Source material:
#####

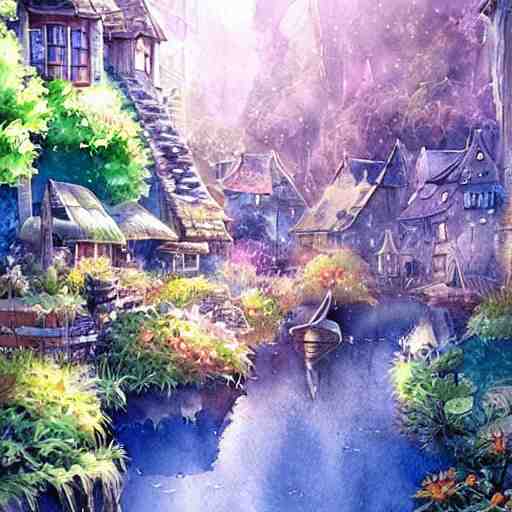 Beautiful happy picturesque charming sci-fi village in harmony with nature. Beautiful light. Water and plants. Nice colour scheme, soft warm colour. Beautiful detailed watercolor by Lurid. (2022)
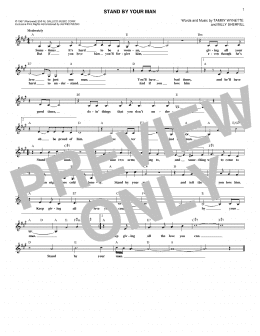 page one of Stand By Your Man (Lead Sheet / Fake Book)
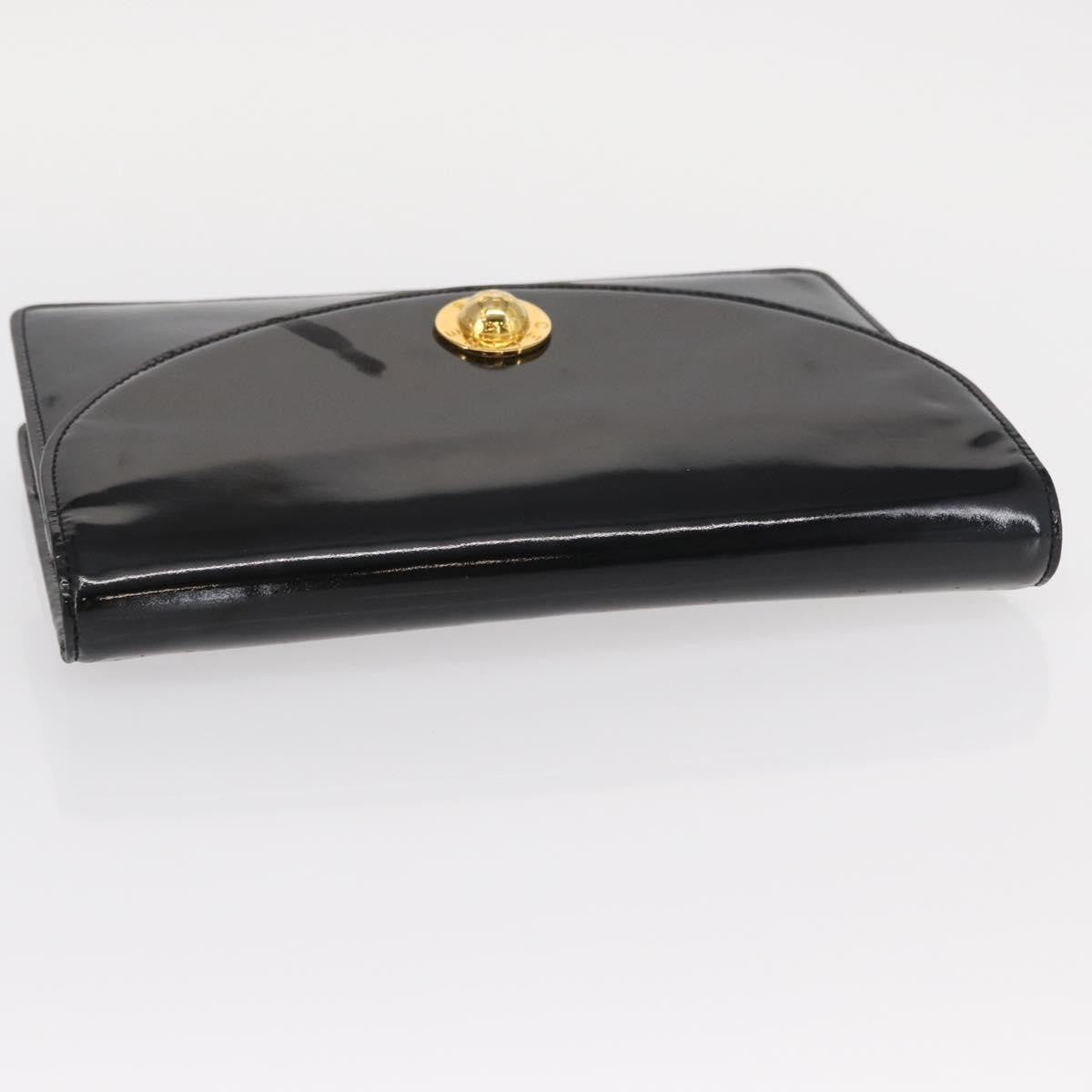 Celine Clutch Bag Enamel Black Patent_Leather Clutche & Pouche Bag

#####

Exercise goal: Using the listing above, set down exactly each line from the one containing "page one of" through the final line, and leave out pictures.

Answer to the problem:
 page one of Stand By Your Man (Lead Sheet / Fake Book)
 Celine Clutch Bag Enamel Black Patent_Leather Clutche & Pouche Bag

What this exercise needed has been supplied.